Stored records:
• • • •
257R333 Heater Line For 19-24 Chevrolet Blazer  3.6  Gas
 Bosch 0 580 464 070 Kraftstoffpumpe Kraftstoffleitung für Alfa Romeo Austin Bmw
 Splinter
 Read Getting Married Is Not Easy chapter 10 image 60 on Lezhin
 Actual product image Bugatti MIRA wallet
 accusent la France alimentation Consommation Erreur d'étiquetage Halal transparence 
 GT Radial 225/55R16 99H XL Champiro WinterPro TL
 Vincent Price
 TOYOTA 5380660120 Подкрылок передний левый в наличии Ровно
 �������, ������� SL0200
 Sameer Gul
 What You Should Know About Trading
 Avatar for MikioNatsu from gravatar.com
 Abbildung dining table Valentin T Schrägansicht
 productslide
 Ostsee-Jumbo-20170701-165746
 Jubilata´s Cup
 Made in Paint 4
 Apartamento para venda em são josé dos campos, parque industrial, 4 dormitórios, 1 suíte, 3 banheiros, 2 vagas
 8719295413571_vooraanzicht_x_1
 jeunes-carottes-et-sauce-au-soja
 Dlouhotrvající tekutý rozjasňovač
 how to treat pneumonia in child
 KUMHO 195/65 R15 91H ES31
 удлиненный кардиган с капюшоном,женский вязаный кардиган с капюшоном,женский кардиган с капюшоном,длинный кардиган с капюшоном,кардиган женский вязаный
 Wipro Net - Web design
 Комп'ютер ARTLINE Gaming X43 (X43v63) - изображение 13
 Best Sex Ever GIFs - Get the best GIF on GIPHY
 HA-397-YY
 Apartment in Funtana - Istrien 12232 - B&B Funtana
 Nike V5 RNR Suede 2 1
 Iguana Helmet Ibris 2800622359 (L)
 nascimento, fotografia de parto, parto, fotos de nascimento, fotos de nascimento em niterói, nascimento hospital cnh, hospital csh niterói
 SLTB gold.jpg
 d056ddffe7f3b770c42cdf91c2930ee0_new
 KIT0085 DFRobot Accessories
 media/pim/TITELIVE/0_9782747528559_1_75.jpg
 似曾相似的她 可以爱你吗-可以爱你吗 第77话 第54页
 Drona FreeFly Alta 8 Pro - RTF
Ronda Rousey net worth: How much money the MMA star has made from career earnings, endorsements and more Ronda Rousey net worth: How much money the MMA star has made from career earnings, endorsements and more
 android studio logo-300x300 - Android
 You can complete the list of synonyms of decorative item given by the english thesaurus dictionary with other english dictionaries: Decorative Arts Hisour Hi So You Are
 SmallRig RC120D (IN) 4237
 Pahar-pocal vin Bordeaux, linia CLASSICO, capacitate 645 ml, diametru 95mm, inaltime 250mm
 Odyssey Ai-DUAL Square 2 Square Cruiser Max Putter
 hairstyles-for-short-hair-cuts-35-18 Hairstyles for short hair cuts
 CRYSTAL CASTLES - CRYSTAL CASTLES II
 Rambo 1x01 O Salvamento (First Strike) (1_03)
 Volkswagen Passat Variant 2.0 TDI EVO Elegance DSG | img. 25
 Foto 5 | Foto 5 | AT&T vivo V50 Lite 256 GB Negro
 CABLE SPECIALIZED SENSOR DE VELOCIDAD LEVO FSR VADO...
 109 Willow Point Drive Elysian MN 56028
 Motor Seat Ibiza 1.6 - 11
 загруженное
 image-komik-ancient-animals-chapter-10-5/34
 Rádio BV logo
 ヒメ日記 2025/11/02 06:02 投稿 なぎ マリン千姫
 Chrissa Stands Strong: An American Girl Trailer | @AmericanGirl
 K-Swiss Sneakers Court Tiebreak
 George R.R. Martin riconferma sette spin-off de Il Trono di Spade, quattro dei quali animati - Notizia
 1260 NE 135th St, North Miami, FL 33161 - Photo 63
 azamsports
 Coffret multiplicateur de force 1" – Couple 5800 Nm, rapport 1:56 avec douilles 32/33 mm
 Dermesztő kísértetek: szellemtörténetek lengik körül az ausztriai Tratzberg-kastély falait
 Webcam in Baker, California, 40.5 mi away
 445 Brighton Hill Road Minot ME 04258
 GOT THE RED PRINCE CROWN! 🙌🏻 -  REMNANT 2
• • • •
TASK PROMPT -> Set all of the entries down again, exactly as they were given.

EXPECTED OUTPUT ->
257R333 Heater Line For 19-24 Chevrolet Blazer  3.6  Gas
 Bosch 0 580 464 070 Kraftstoffpumpe Kraftstoffleitung für Alfa Romeo Austin Bmw
 Splinter
 Read Getting Married Is Not Easy chapter 10 image 60 on Lezhin
 Actual product image Bugatti MIRA wallet
 accusent la France alimentation Consommation Erreur d'étiquetage Halal transparence 
 GT Radial 225/55R16 99H XL Champiro WinterPro TL
 Vincent Price
 TOYOTA 5380660120 Подкрылок передний левый в наличии Ровно
 �������, ������� SL0200
 Sameer Gul
 What You Should Know About Trading
 Avatar for MikioNatsu from gravatar.com
 Abbildung dining table Valentin T Schrägansicht
 productslide
 Ostsee-Jumbo-20170701-165746
 Jubilata´s Cup
 Made in Paint 4
 Apartamento para venda em são josé dos campos, parque industrial, 4 dormitórios, 1 suíte, 3 banheiros, 2 vagas
 8719295413571_vooraanzicht_x_1
 jeunes-carottes-et-sauce-au-soja
 Dlouhotrvající tekutý rozjasňovač
 how to treat pneumonia in child
 KUMHO 195/65 R15 91H ES31
 удлиненный кардиган с капюшоном,женский вязаный кардиган с капюшоном,женский кардиган с капюшоном,длинный кардиган с капюшоном,кардиган женский вязаный
 Wipro Net - Web design
 Комп'ютер ARTLINE Gaming X43 (X43v63) - изображение 13
 Best Sex Ever GIFs - Get the best GIF on GIPHY
 HA-397-YY
 Apartment in Funtana - Istrien 12232 - B&B Funtana
 Nike V5 RNR Suede 2 1
 Iguana Helmet Ibris 2800622359 (L)
 nascimento, fotografia de parto, parto, fotos de nascimento, fotos de nascimento em niterói, nascimento hospital cnh, hospital csh niterói
 SLTB gold.jpg
 d056ddffe7f3b770c42cdf91c2930ee0_new
 KIT0085 DFRobot Accessories
 media/pim/TITELIVE/0_9782747528559_1_75.jpg
 似曾相似的她 可以爱你吗-可以爱你吗 第77话 第54页
 Drona FreeFly Alta 8 Pro - RTF
Ronda Rousey net worth: How much money the MMA star has made from career earnings, endorsements and more Ronda Rousey net worth: How much money the MMA star has made from career earnings, endorsements and more
 android studio logo-300x300 - Android
 You can complete the list of synonyms of decorative item given by the english thesaurus dictionary with other english dictionaries: Decorative Arts Hisour Hi So You Are
 SmallRig RC120D (IN) 4237
 Pahar-pocal vin Bordeaux, linia CLASSICO, capacitate 645 ml, diametru 95mm, inaltime 250mm
 Odyssey Ai-DUAL Square 2 Square Cruiser Max Putter
 hairstyles-for-short-hair-cuts-35-18 Hairstyles for short hair cuts
 CRYSTAL CASTLES - CRYSTAL CASTLES II
 Rambo 1x01 O Salvamento (First Strike) (1_03)
 Volkswagen Passat Variant 2.0 TDI EVO Elegance DSG | img. 25
 Foto 5 | Foto 5 | AT&T vivo V50 Lite 256 GB Negro
 CABLE SPECIALIZED SENSOR DE VELOCIDAD LEVO FSR VADO...
 109 Willow Point Drive Elysian MN 56028
 Motor Seat Ibiza 1.6 - 11
 загруженное
 image-komik-ancient-animals-chapter-10-5/34
 Rádio BV logo
 ヒメ日記 2025/11/02 06:02 投稿 なぎ マリン千姫
 Chrissa Stands Strong: An American Girl Trailer | @AmericanGirl
 K-Swiss Sneakers Court Tiebreak
 George R.R. Martin riconferma sette spin-off de Il Trono di Spade, quattro dei quali animati - Notizia
 1260 NE 135th St, North Miami, FL 33161 - Photo 63
 azamsports
 Coffret multiplicateur de force 1" – Couple 5800 Nm, rapport 1:56 avec douilles 32/33 mm
 Dermesztő kísértetek: szellemtörténetek lengik körül az ausztriai Tratzberg-kastély falait
 Webcam in Baker, California, 40.5 mi away
 445 Brighton Hill Road Minot ME 04258
 GOT THE RED PRINCE CROWN! 🙌🏻 -  REMNANT 2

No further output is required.